> Your instructions:
Among the entries below, retype exactly the lines starting with the one with "6-pk Porcelain Dessert Bowl Set" and going on through the one with "Supreme GORE-TEX Stickers", but not the pictures.

> Data:
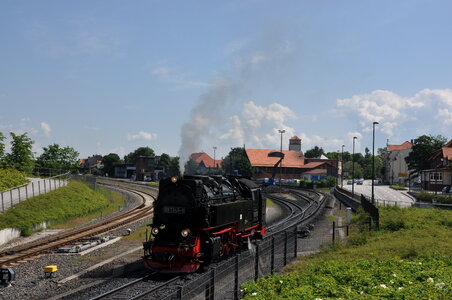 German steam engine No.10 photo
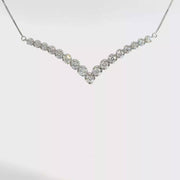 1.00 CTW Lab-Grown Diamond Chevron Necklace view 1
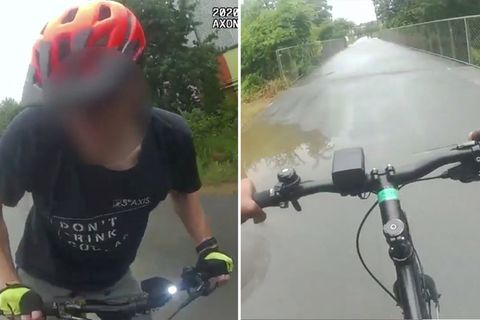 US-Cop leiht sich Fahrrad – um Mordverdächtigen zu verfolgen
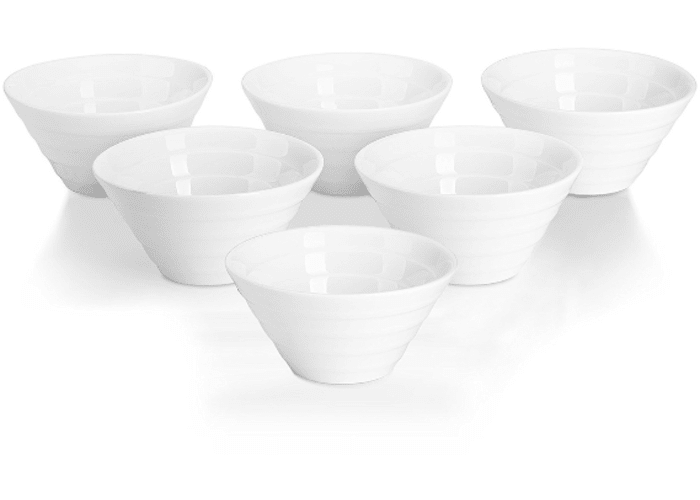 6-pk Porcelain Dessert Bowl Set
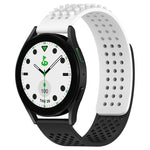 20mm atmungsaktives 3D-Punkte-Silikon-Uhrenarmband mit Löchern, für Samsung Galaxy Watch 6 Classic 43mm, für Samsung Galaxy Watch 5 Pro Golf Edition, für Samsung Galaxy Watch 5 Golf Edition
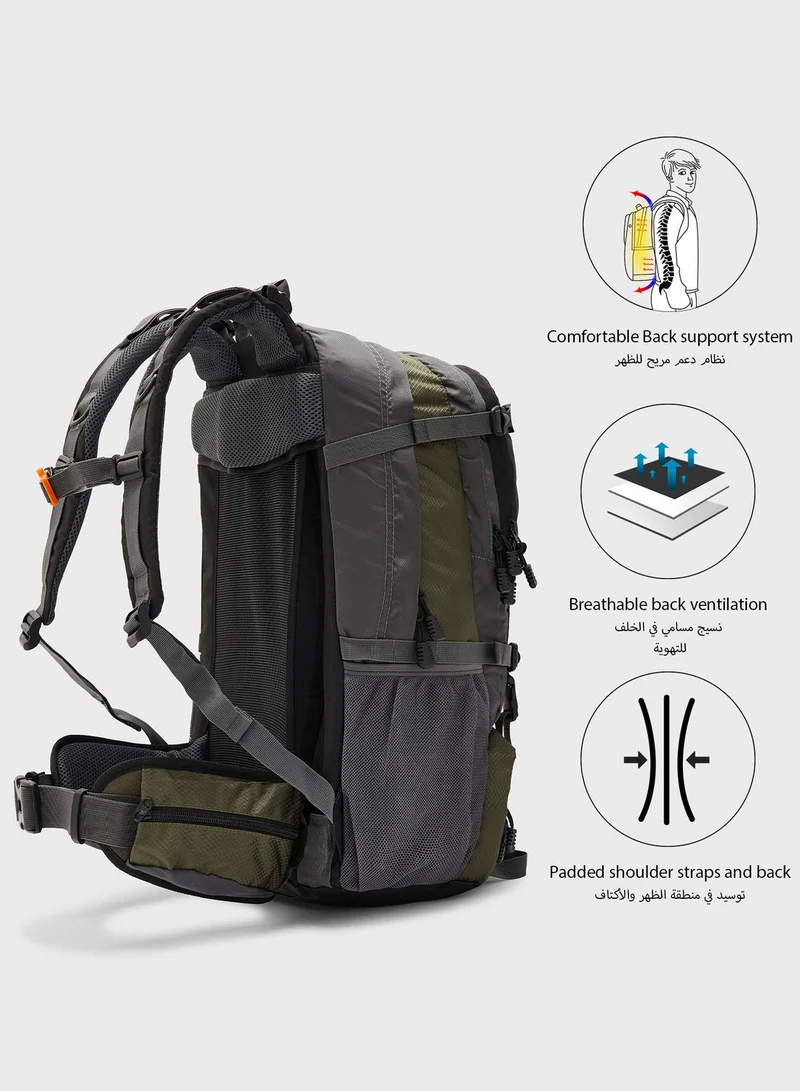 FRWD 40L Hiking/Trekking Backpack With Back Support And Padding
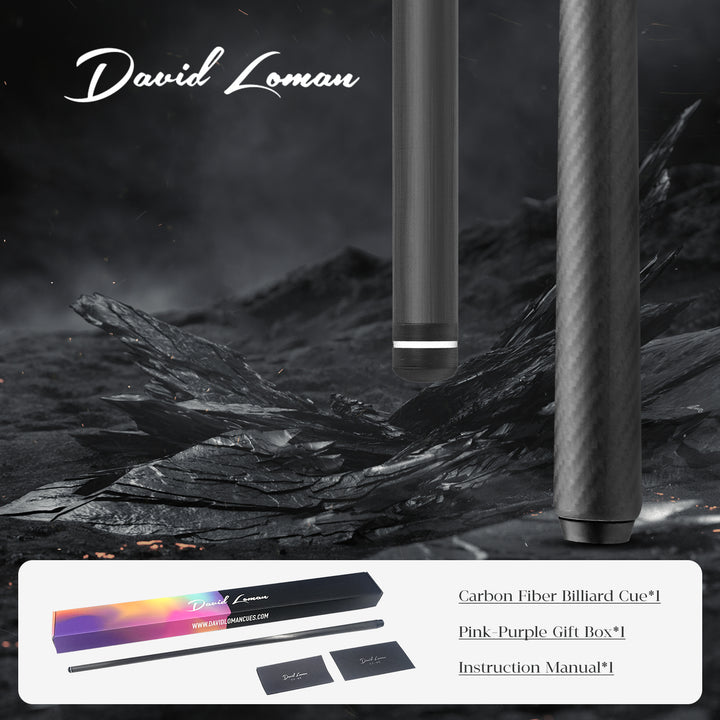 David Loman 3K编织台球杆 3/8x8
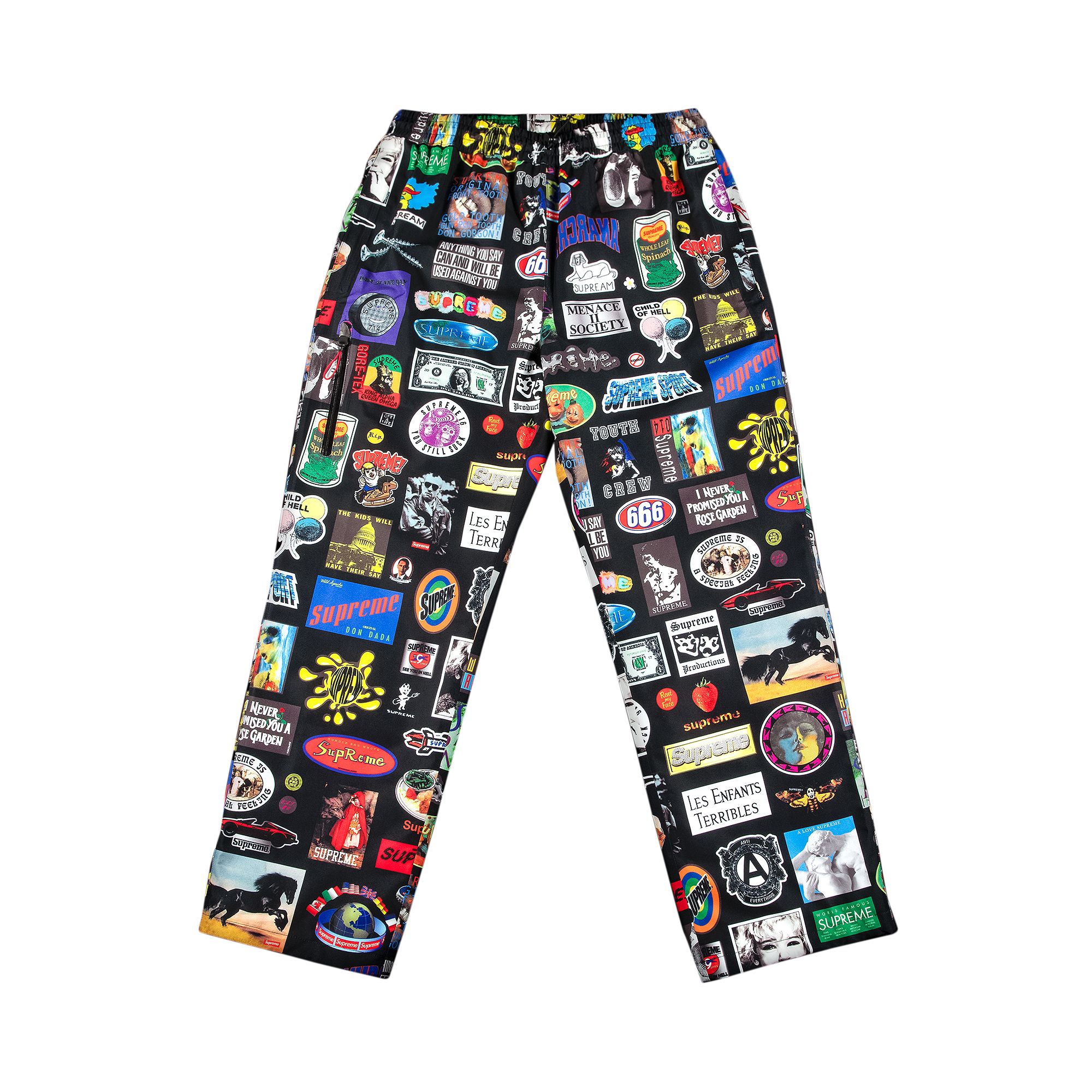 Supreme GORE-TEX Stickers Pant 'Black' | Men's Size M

---

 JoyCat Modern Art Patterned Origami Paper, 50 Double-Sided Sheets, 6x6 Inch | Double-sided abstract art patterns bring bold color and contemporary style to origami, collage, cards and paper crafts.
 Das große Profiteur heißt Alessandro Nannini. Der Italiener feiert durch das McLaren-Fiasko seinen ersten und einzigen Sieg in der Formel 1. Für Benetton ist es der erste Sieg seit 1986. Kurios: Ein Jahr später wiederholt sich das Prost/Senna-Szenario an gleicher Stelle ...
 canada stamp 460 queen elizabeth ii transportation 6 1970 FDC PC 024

--

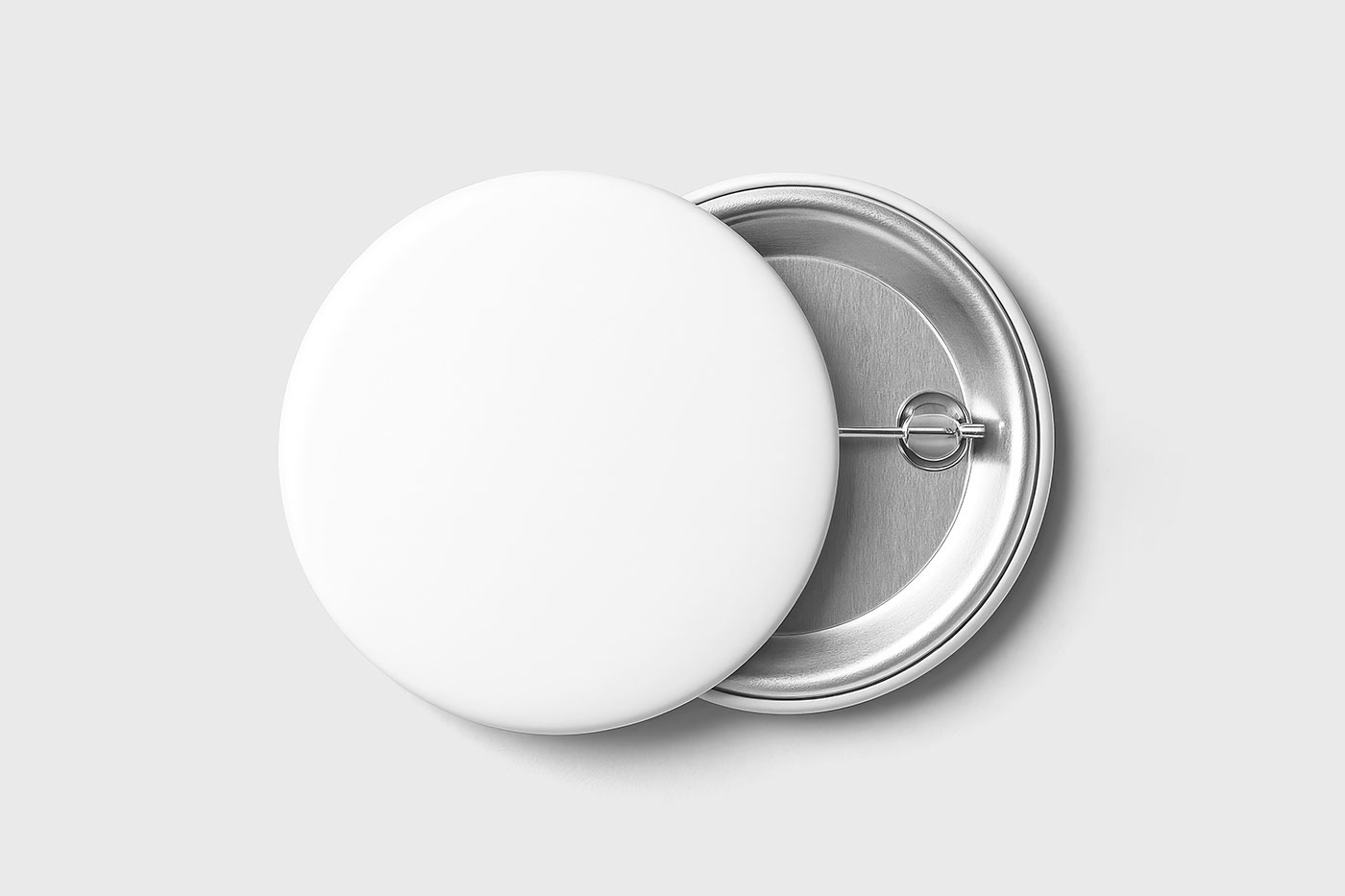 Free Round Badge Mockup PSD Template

> Task answer:
 6-pk Porcelain Dessert Bowl Set
 20mm atmungsaktives 3D-Punkte-Silikon-Uhrenarmband mit Löchern, für Samsung Galaxy Watch 6 Classic 43mm, für Samsung Galaxy Watch 5 Pro Golf Edition, für Samsung Galaxy Watch 5 Golf Edition
 FRWD 40L Hiking/Trekking Backpack With Back Support And Padding
 David Loman 3K编织台球杆 3/8x8
 Supreme GORE-TEX Stickers Pant 'Black' | Men's Size M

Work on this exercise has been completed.